• The problem: Print exactly what appears from the line containing "Heather Hultz schöne nackte bilder" through the final line of the data below, pictures excluded.

• Dataset content:
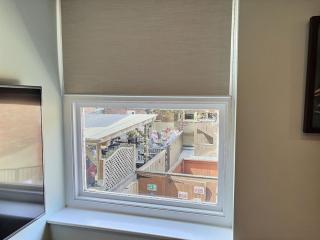Lady Pecketts Yard One bedroom, sleeps four- - York - 3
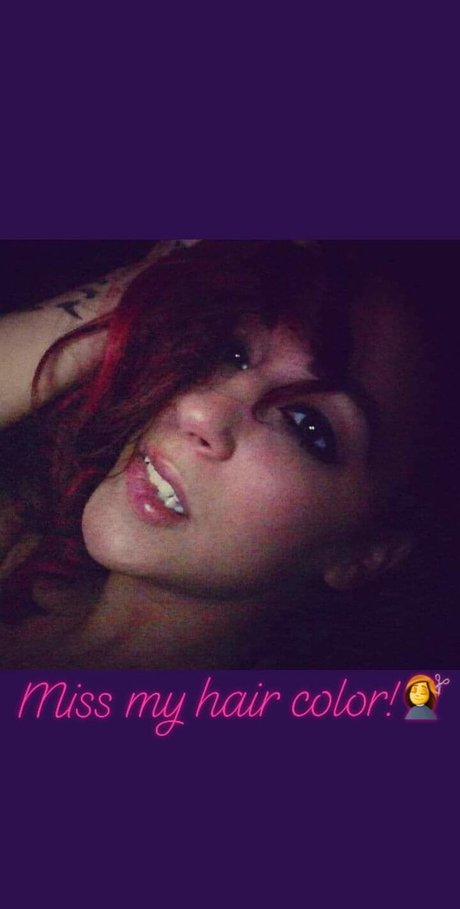 Heather Hultz schöne nackte bilder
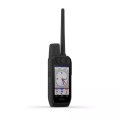 Garmin Alpha 200 Plus GPS Receiver - 3062490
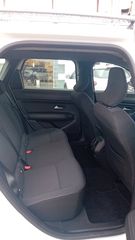 Dacia Bigster 2025 expression-thumb-8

• Answer box:
 Heather Hultz schöne nackte bilder
 Garmin Alpha 200 Plus GPS Receiver - 3062490
 Dacia Bigster 2025 expression-thumb-8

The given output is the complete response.